According to intel obtained from the Ukrainian Ministry of Defense, Russia is planning to ramp up its recruitment campaign of military “volunteers” to be done outside the Russian capital of Moscow.
According to the report, the campaign is an effort to replace manpower lost during the Russo-Ukrainian war that began in late February. Moscow allegedly intends to form new units with a preference for volunteers who have previous military experience.
News of the reinvigorated Russian efforts came as Ukrainian President Volodymyr Zelensky claimed in an address that over 23,000 Russian soldiers have died because of fighting in Ukraine. The Ukrainian president also claimed that Moscow was bolstering recruitment efforts to make up for their losses on the battlefield.
“The occupiers are accumulating additional forces for new attacks against our military in the east of the country,” Zelensky said.
“We know that the Russian command is preparing for new big losses. In those units, the personnel of which was almost completely destroyed or significantly weakened in March-April, new people are being recruited. With little motivation. With little combat experience.”
Figures on the total number of Russian casualties vary depending on the source, but estimates hover around the thousands to the tens of thousands. The Ukrainian Defense Ministry added that the leaders of the Russian army have set out clear “recruitment standards” for the campaign.

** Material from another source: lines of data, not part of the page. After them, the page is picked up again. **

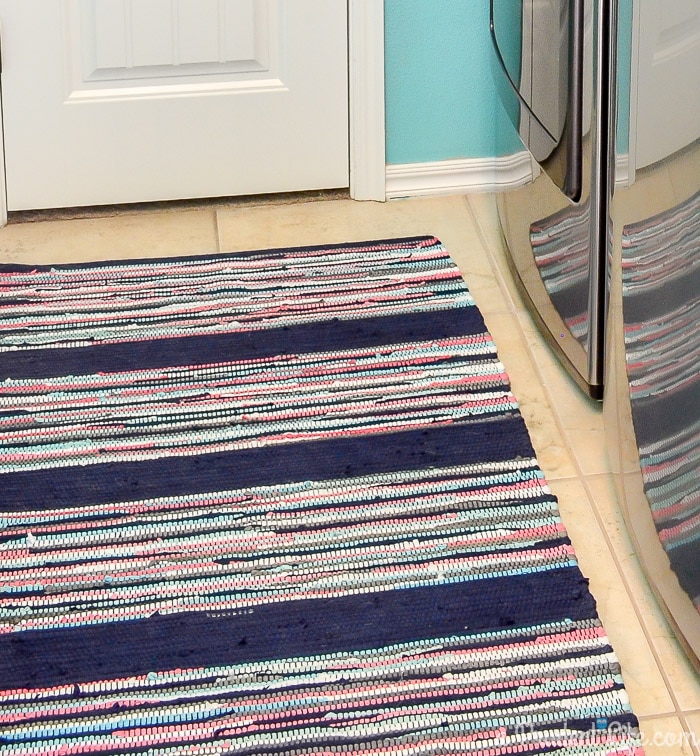 This Target rug was the inspiration for a full laundry room makeover. Click to see the reveal! 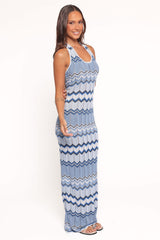 Neasa Knit Maxi Dress - Blue
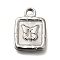 Alloy Pendants, Silver Charms, Rectangle, 17x12x2.6mm, Hole: 2.2mm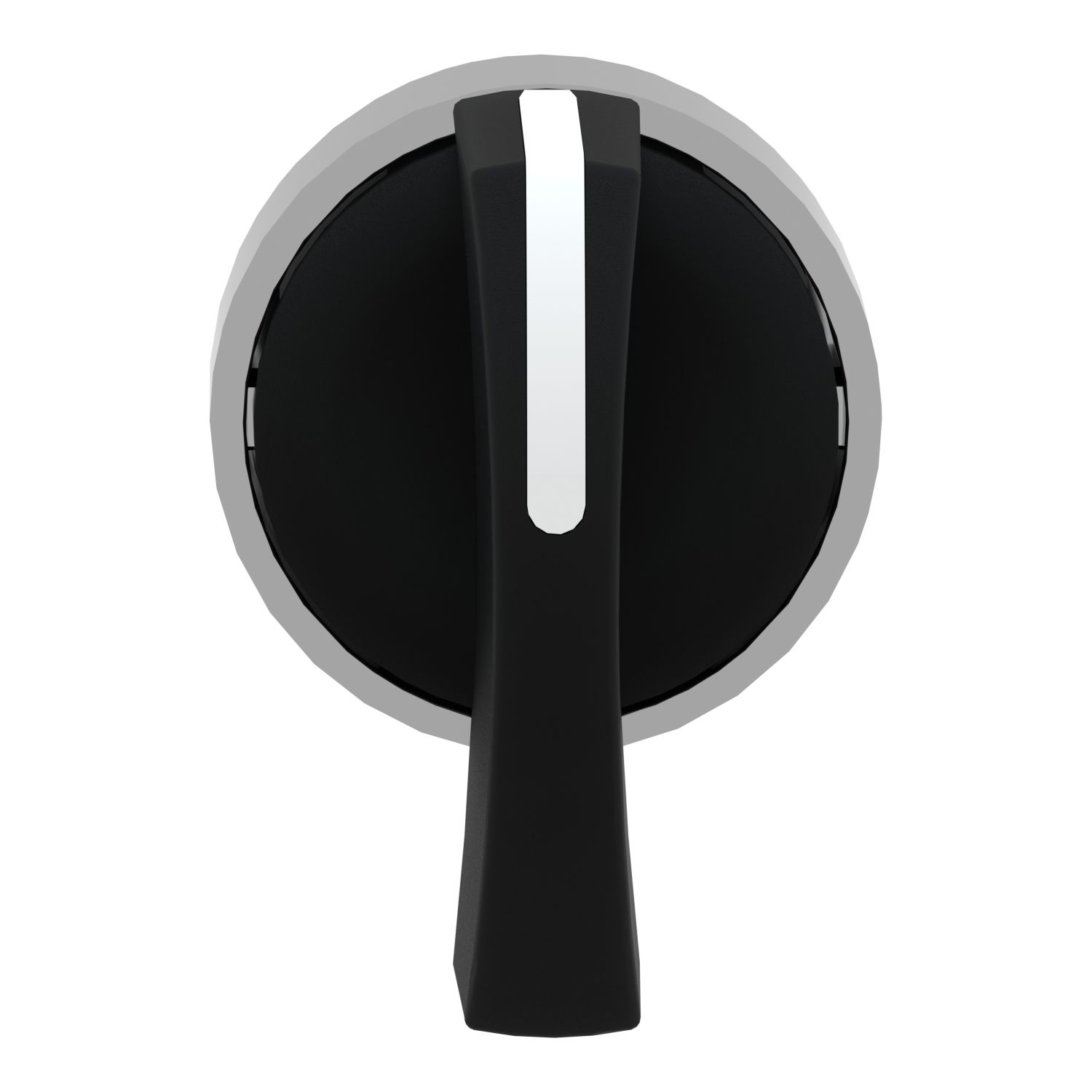 Picture of Head for selector switch, Harmony XB4, metal, black, 22mm, long handle, 3 positions, spring return right to center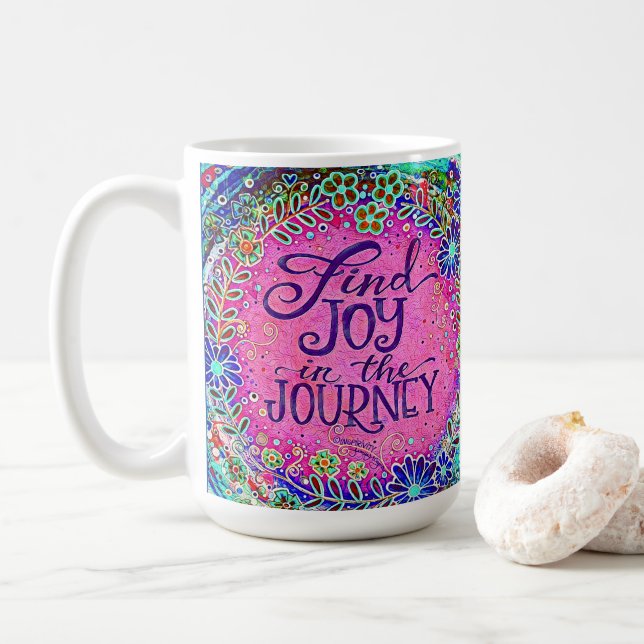 Pretty Pink Joy in the Journey Quote Inspirivity  Coffee Mug (With Donut)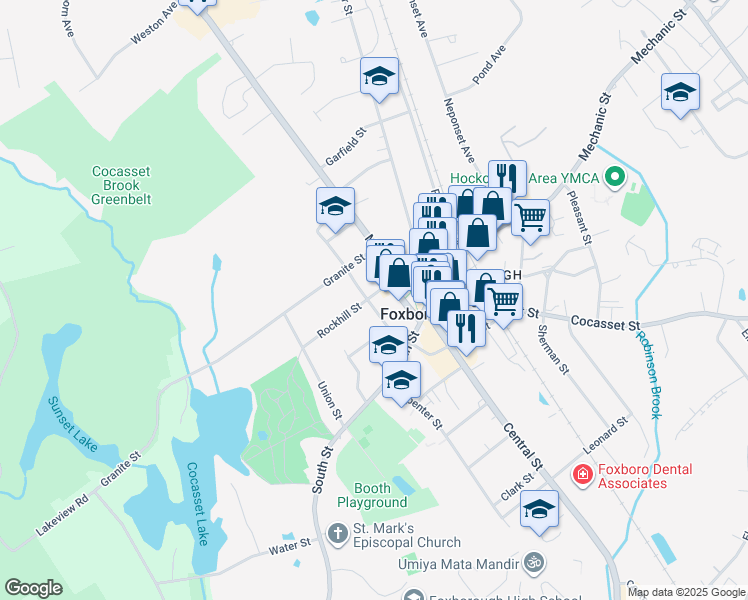 map of restaurants, bars, coffee shops, grocery stores, and more near 34 School Street in Foxborough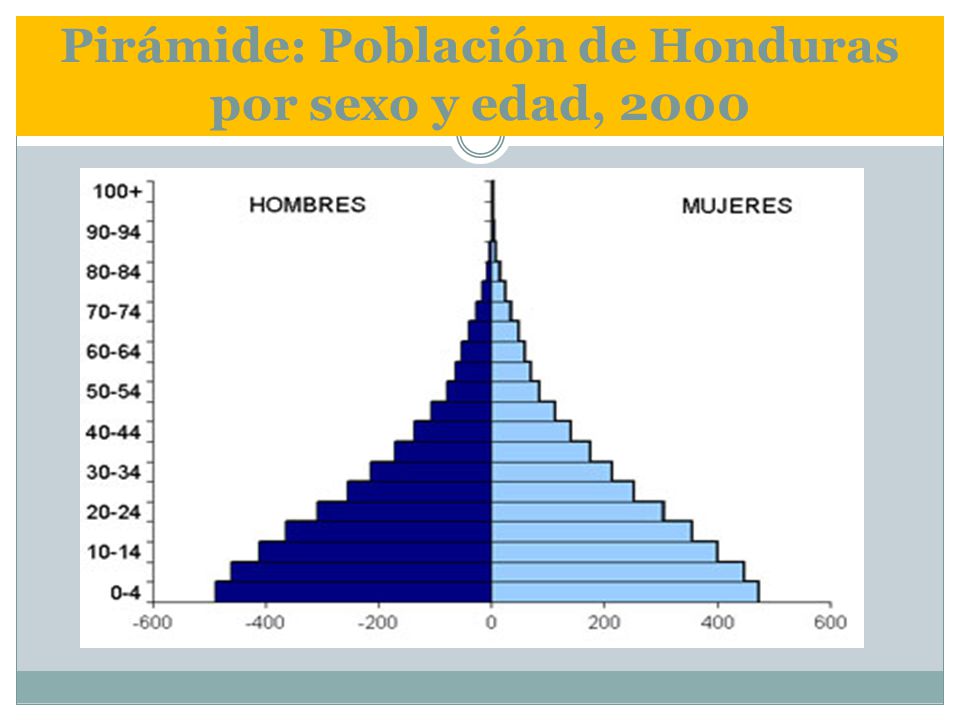 Pirámide: Población de Honduras por sexo y edad, 2000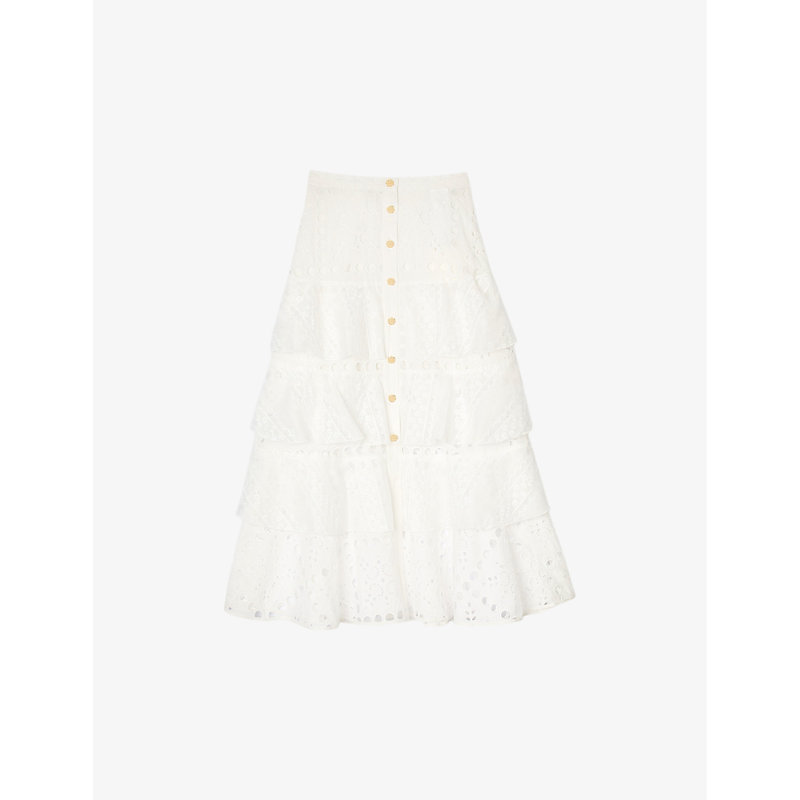 Shop Sandro Women's Naturels Broderie-anglaise Button-down Woven Maxi Skirt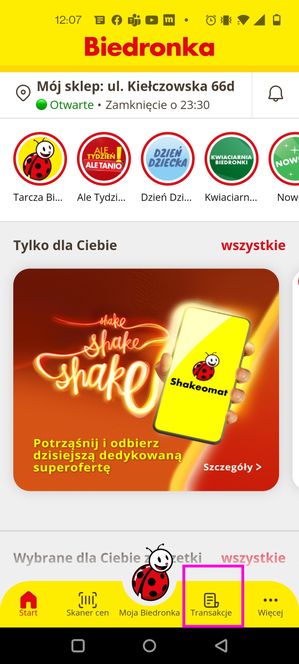 Biedronka: ekran główny aplikacji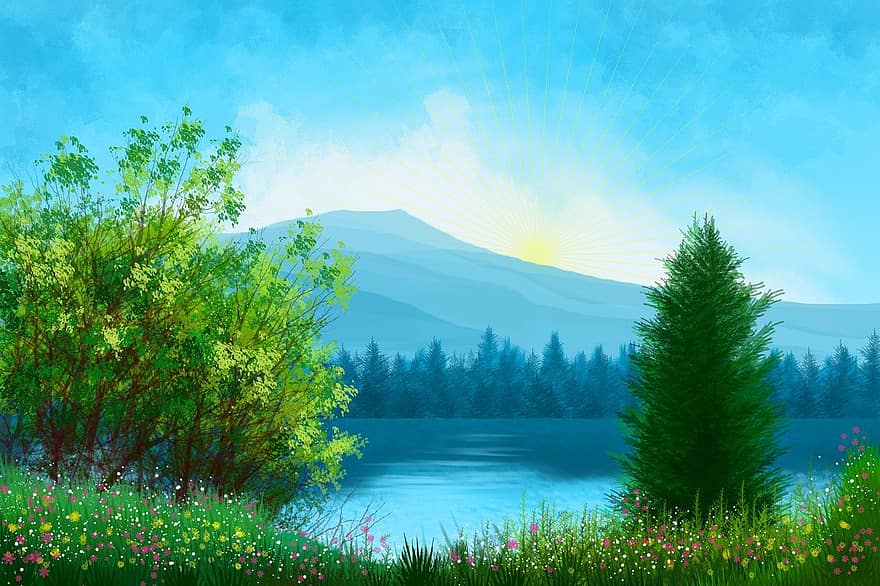 danau, gunung, padang rumput, alam, Latar Belakang, pemandangan, panorama, sungai, bunga-bunga, musim semi, musim panas
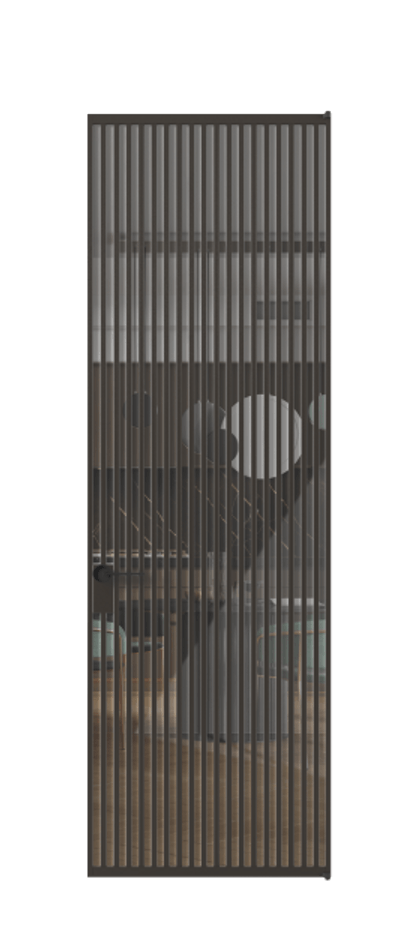 Алюминиевая дверь АЛПЛ040.06 Алюминий антрацит Рефлективное прозрачное стекло "Стопсол", калёное Цена 199890  | Volhovec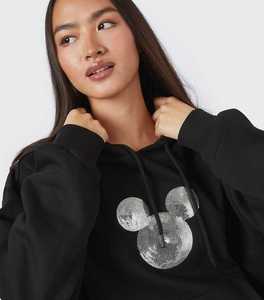 เสื้อฮู้ดโอเวอร์ไซส์สีดำ พิมพ์ลายกลิตเตอร์ด้านหน้า สวมใส่สบายๆ สำหรับฤดูใบไม้ร่วง เหมาะสำหรับทั้งชายและหญิง ผลิตจากผ้าฝ้ายถักเนื้อนุ่ม - Product Image 1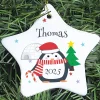 Hot Personalised Christmas Penguin Ceramic Star Decoration Christmas Gifts
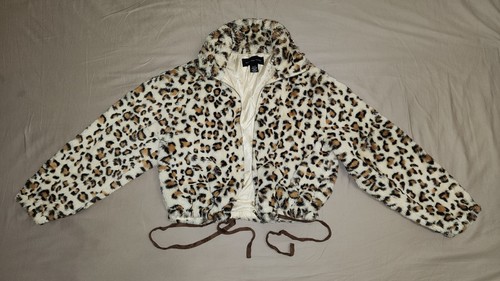 Victoria Secret Know One Cares Faux Fur Cheeta Sherpa Hoodie Jacket Leopard XS - Picture 2 of 8
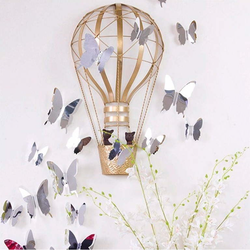 Sada 12 samolepek s 3D efektem Ambiance Mirror Butterflies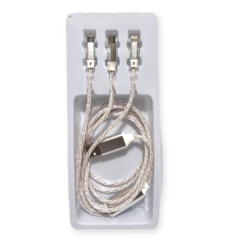 Cable Datos Cargador 3 En 1 Luz Led Fluida - pachos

The report says that a minimum quota of 200 volunteers from each federal district must be met each week except for Moscow. The campaign intends to use “traditional Russian narratives” regarding the West and Ukraine and the promise of increased benefits to incentivize the volunteers. While that may seem enticing to a few, it has become a joke in the SOFREP team room3 that the only place the Russian military is saving money is on retirement benefits for its senior officers.
The ministry did not disclose how the information on Russian recruitment was obtained, nor did they expound on why Moscow, Russia’s most populated city, was excluded from the campaign.
Ukraine claims that the Russian forces have already exhausted at least 95% of its Battalion Tactical Groups (BTGs) with minimal results. Doubts have been cast on whether a fresh batch of former and untrained fighters will yield better results.
“They just want to get the right amount. So that they can throw these units into the offensive. The Russian command is well aware that thousands more Russian soldiers will be killed and thousands more will be wounded in the coming weeks,” Zelensky said.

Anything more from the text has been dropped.